TWIN FALLS • The Twin Falls School District is fed up with lousy bus service.
School trustees heard a presentation Wednesday night and agreed to send a letter to Western States Bus Services, which operates buses for the Twin Falls, Filer and Buhl districts, as well as Xavier Charter School.
Drivers are late. Parents don’t get answers when they call to complain. And the district has documented several cases where drivers failed to deal with problems on their buses, the letter states.
“We’re trying to being patient with them while they (work) through some issues,” said Brady Dickinson, the district’s director of operations. “But things need to change rapidly.”
Bus company representatives weren’t at the meeting or immediately available for comment.

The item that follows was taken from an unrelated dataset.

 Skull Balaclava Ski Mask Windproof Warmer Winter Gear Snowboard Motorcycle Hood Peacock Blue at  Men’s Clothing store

The problems began last spring, but the issue came to a head within the last week, Dickinson told trustees, after a series of discussions with the bus company. He and Superintendent Wiley Dobbs met with company CEO Tony Barnhart again on Wednesday ahead of the evening school board meeting.
The company is struggling with a driver shortage. When a driver calls in sick, office workers are pulled away to drive routes, leaving nobody to handle parents’ calls.
“When parents called the company to get answers, they felt like they weren’t getting information,” Dickinson said.
The district responded by sending home letters about the busing problems to students on affected routes.
“It’s been a real frustration for parents and patrons this fall,” Dickinson said.
Western States Bus Services has provided busing for the school district for 20 years. The district’s latest five-year contract with the company runs through 2018.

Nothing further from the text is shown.